Her conference list includes multiple presentations to the Popular Culture Association (where she was area chair for the Renaissance Popular Culture area for the national conference for three years), a 2008 presentation on Mistress Quickly to the PAMLA, a 2007 presentation on Thomas Deloney’s weaving women to the PAMLA conference, and a 2002 presentation on Lord Mayor’s Shows at the Renaissance Society of American and Arizona Center for Medieval and Renaissance Studies. She has always found conference presentations an exciting way to meet colleagues since her first presentation at a major conference in 1994 when she spoke on poet Amelia Lanyer to the Renaissance Conference of Southern California’s Southwest Regional Renaissance Conference at the Huntington Library.

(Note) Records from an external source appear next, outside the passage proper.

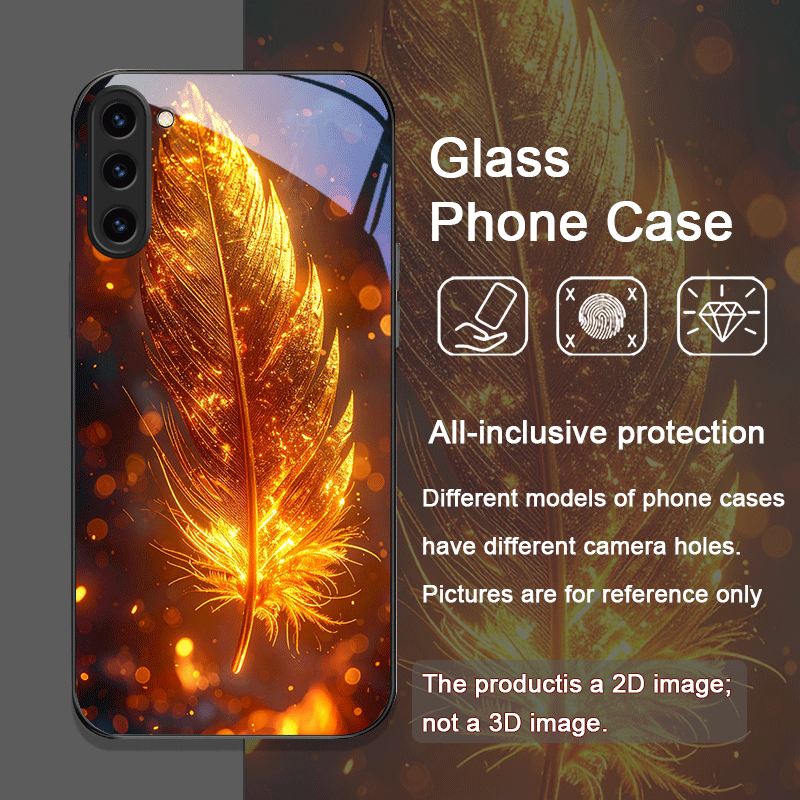 Aesthetic Phoenix Fire Feather - đánh giá và giá Phone Cases Samsung S25 Fe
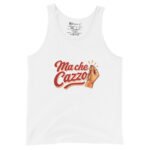 Ma Che Cazzo Tank Top Italian Gesture Vintage Tee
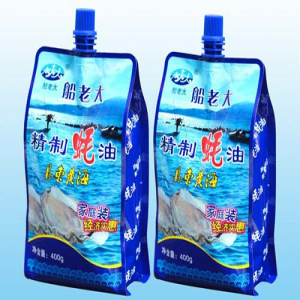 液体自立吸嘴袋厂家/沈阳源丰塑料图1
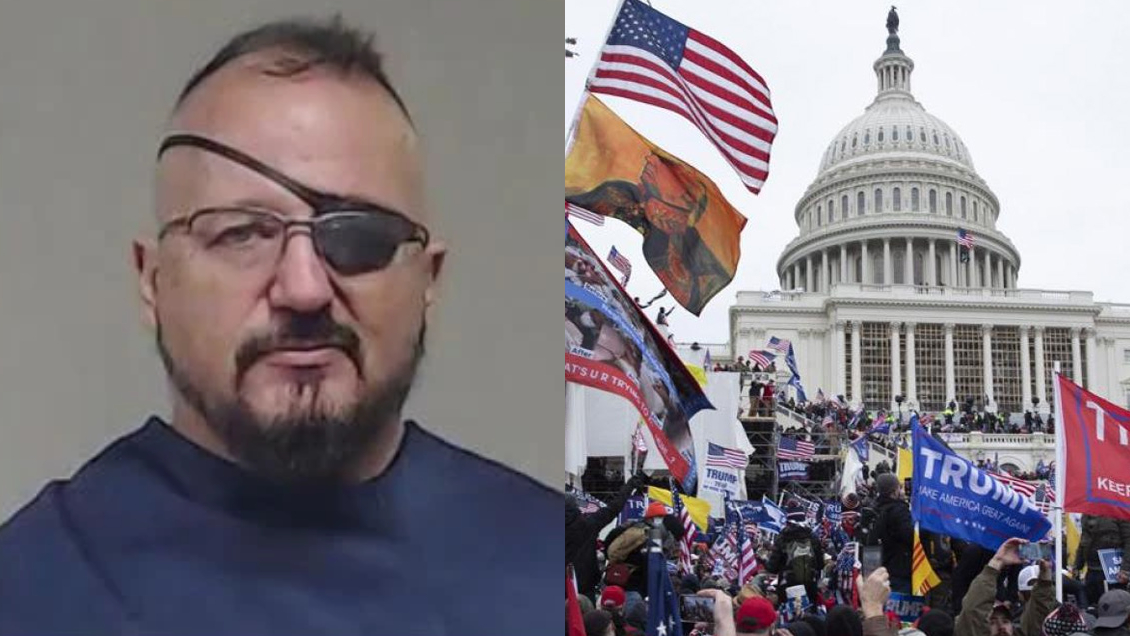 Cabecilla de milicia de ultraderecha en EEUU fue condenado a 18 años de cárcel por el asalto al Capitolio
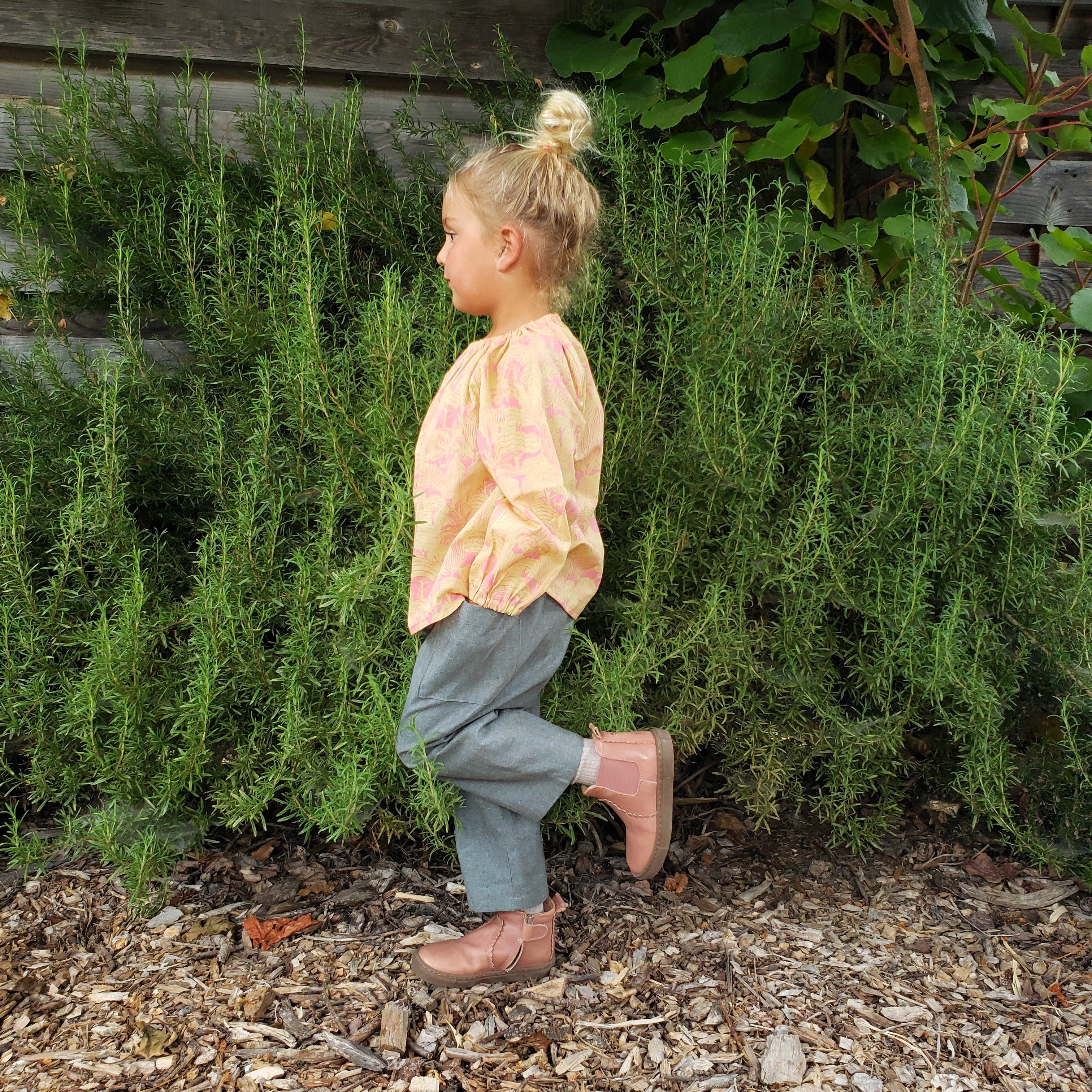The Easy Pant - Fennel Goods - PDF or Printed Sewing Pattern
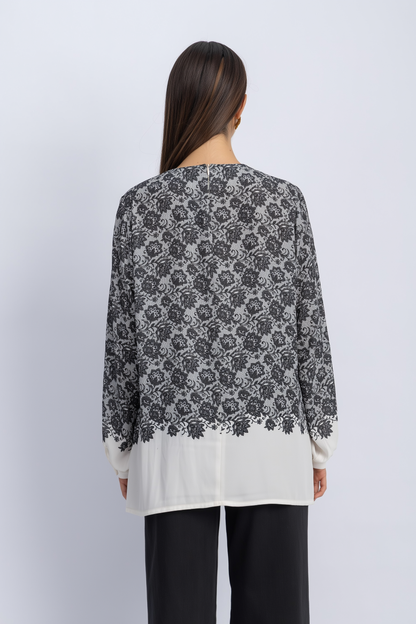 chiffon blouse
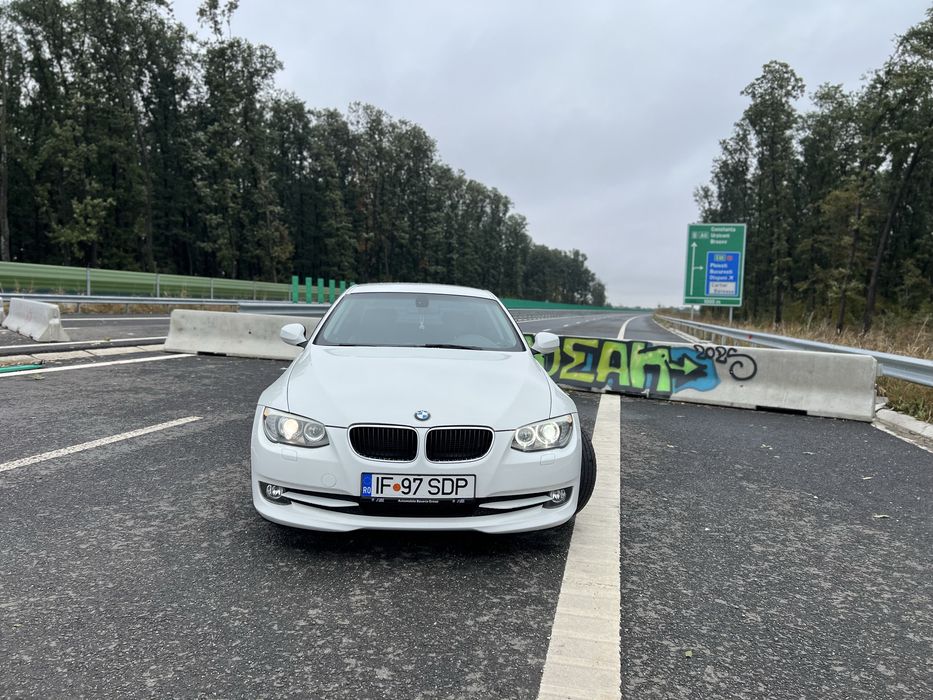 Bmw e92 facelift 2011 2.0 184 hp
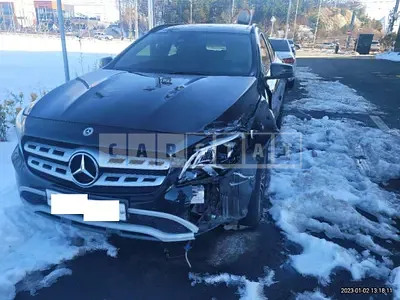 Photo 1 of 32: 2018 Mercedes-Benz GLA220, VIN WDCTG4FB5JJ462701 — Korean insurance auction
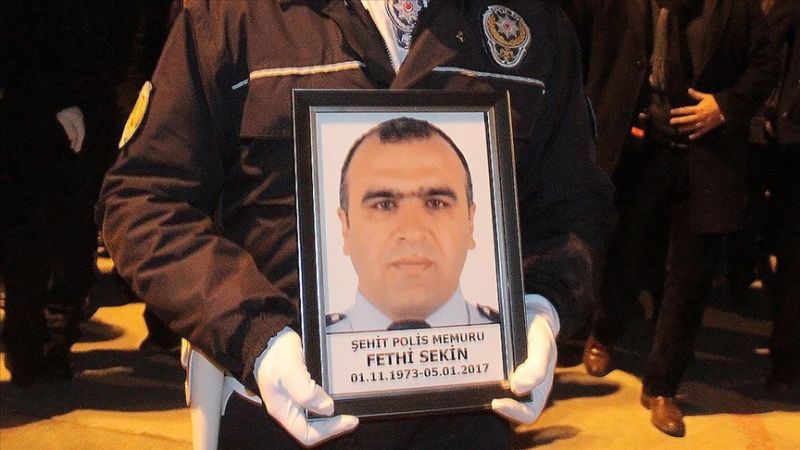 Şehit Polis Fethi Sekin Anılıyor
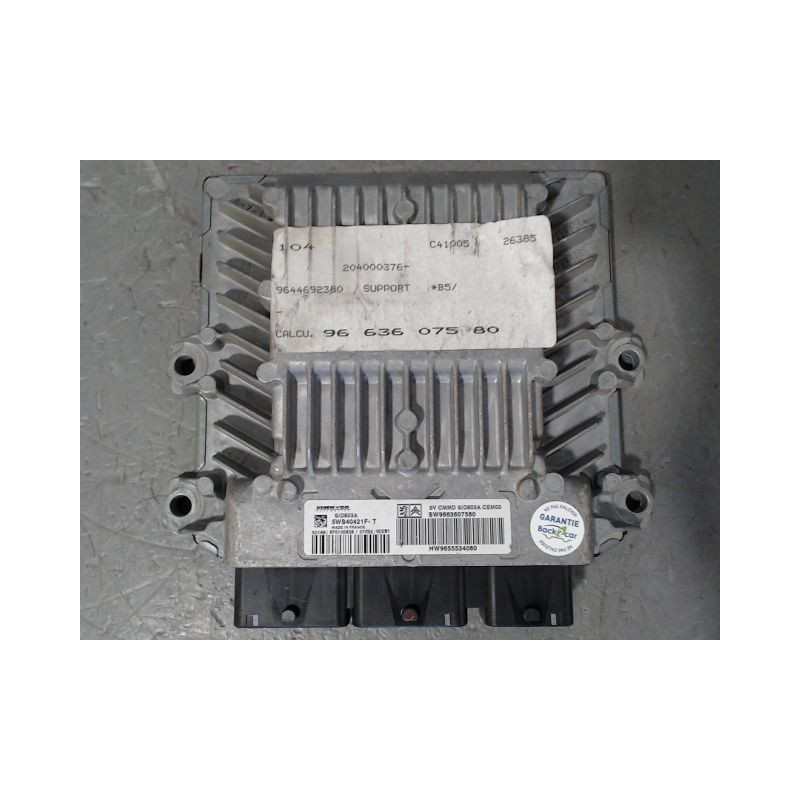 CALCULATEUR MOTEUR CITROEN C4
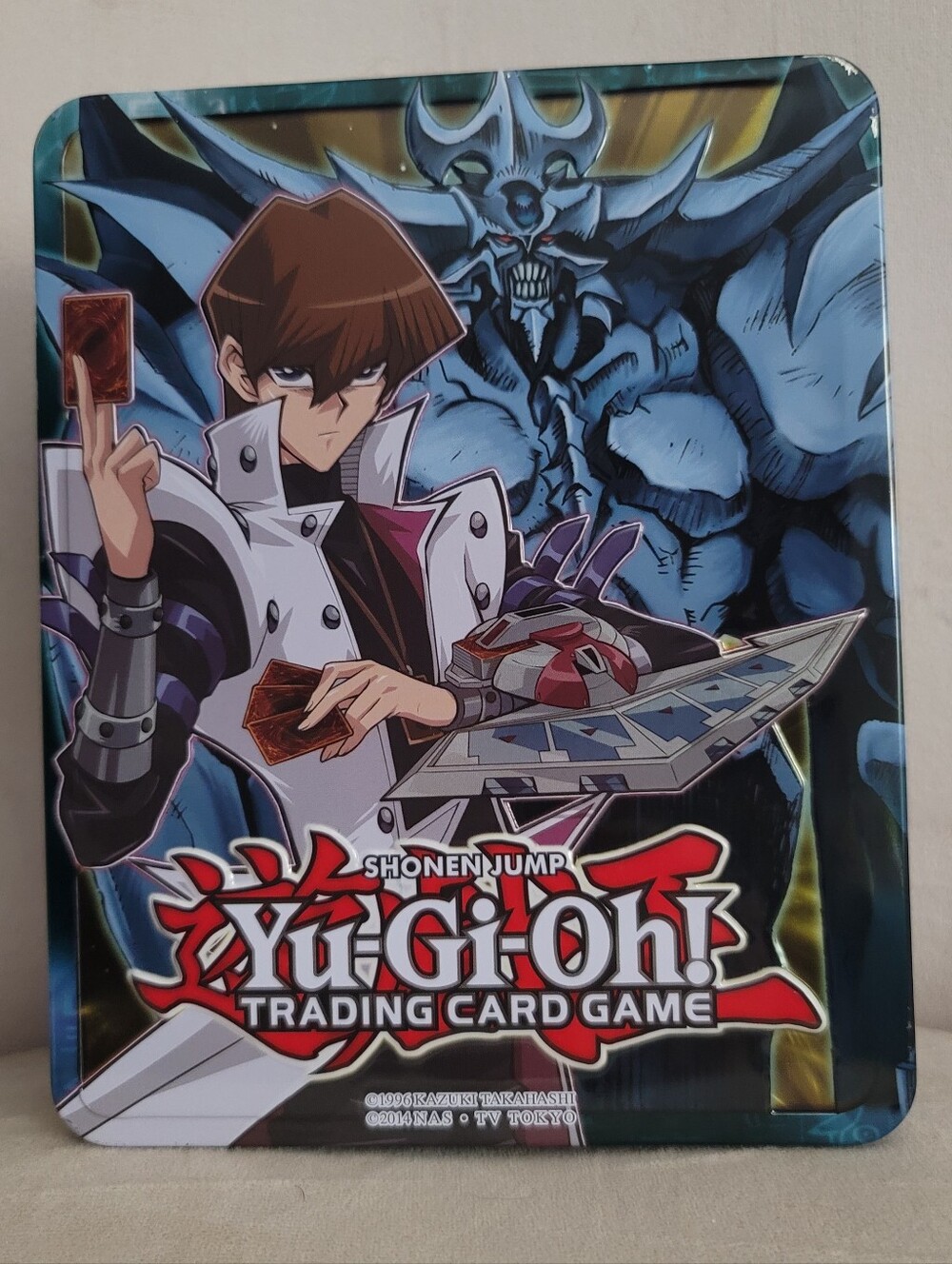 Yu-Gi-Oh! 2016 Trading Card Game Tin With Full Tin Of Cards. Konami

While studying for her M.A. at Washington State University she was pleased to co-organize the English Department’s first graduate-student organized conference with “New Approaches to Medieval and Renaissance Texts: An Interdisciplinary Graduate Student Symposium” in 1994. Since then she has gone on to organize a number of events, including several graduate student conferences at USC and a fan convention celebrating a fictional boy inventor for the 100th anniversary of the Tom Swift series of books.
Besides a love of Shakespeare, her other interests include book collecting, murder mysteries (she is writing her first novel), and steam trains (she is an engineer on a 1907 Baldwin steam locomotive twice a month).
After earning her Ph.D., she found work outside her field for a time, mostly using her computer skills for web design, desktop publishing, and publicity. She is currently seeking new employment.